When a grammar is not LL(1), a compiler designer has three options: refactor the grammar (eliminate left recursion, left-factor common prefixes), increase k (compute an LL(2) or LL(k) table), or switch to a more powerful parsing technique such as LR parsing. The choice is not neutral. Each option changes the grammar's structure and therefore the shape of the resulting abstract syntax tree. An LL grammar that has been left-factored to satisfy the LL(1) constraint will produce flatter, more uniform trees than the original. The parser is not merely a recognizer; it is a sculptor of structure.

Table-Driven LL Parsing

A table-driven LL(1) parser is remarkably simple.

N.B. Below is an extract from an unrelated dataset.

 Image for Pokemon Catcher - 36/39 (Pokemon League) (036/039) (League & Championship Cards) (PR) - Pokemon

It maintains an explicit stack of symbols — terminals and non-terminals — and a pointer into the input token stream. The algorithm:

  1. Pop the top symbol from the stack.
  2. If it is a terminal, match it against the current input token and advance.
  3. If it is a non-terminal, look up the parsing table using the non-terminal and the current lookahead token. Push the right-hand side of the chosen production onto the stack in reverse order (so the leftmost symbol ends up on top).
  4. Repeat until the stack is empty (success) or a table cell is empty (syntax error).

This algorithm runs in linear time and uses space proportional to the maximum derivation depth. Its simplicity makes it ideal for educational purposes, for small languages, and for situations where the parser must be embedded in a resource-constrained environment. But its simplicity is also its ceiling: the grammar must be designed to fit the algorithm, not the other way around.

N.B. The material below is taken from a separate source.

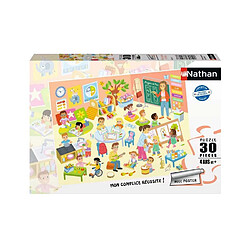 Ravensburger Puzzle Une journee a l ecole 30pcs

LL Parsing and Grammar Design

The requirement that grammars be LL-compatible exerts a powerful influence on language design. Programming languages whose syntaxes are naturally LL(1) — Pascal, for instance — tend to have regular, predictable structures in which each syntactic construct begins with a distinctive keyword or symbol. Languages whose syntaxes resist LL(1) parsing — C, for example, with its type-name vs. identifier ambiguity — require either more powerful parsers or grammatical contortions that distort the natural structure of the language.

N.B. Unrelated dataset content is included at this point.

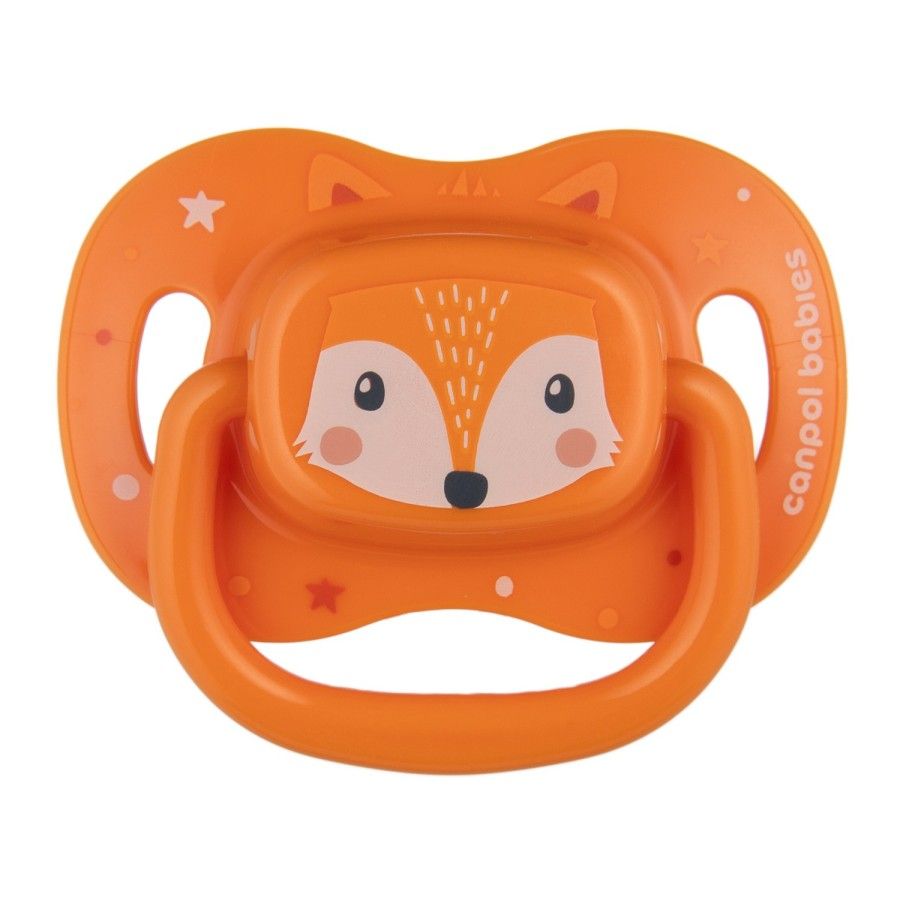 Canpol Babies Cumifier USP. Silicone 0-6m szimmetrikus aranyos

This tension between grammatical elegance and parser tractability is one of the central design struggles in programming language design. A language designer who insists on an LL(1) grammar is making a commitment: the surface syntax of the language must be unambiguous with a single token of lookahead. This is not a weakness but a discipline. It forces the designer to make syntactic distinctions explicit at the point where they are encountered, rather than deferring resolution to later context. The result is often a language that is easier to parse, easier to reason about, and — not incidentally — easier for humans to read.

The LL parser is not merely a weak cousin of the LR parser. It is a different theory of what a grammar is. Where LR parsing asks "what reduction is possible given what we have seen," LL parsing asks "what production is appropriate given what we expect to see." The LL perspective is predictive and forward-looking; the LR perspective is retrospective and reconstructive. The belief that LR is "better" because it accepts more grammars confuses expressive power with explanatory power. A grammar that is naturally LL(1) is a grammar that wears its structure on its sleeve — and there is virtue in that transparency.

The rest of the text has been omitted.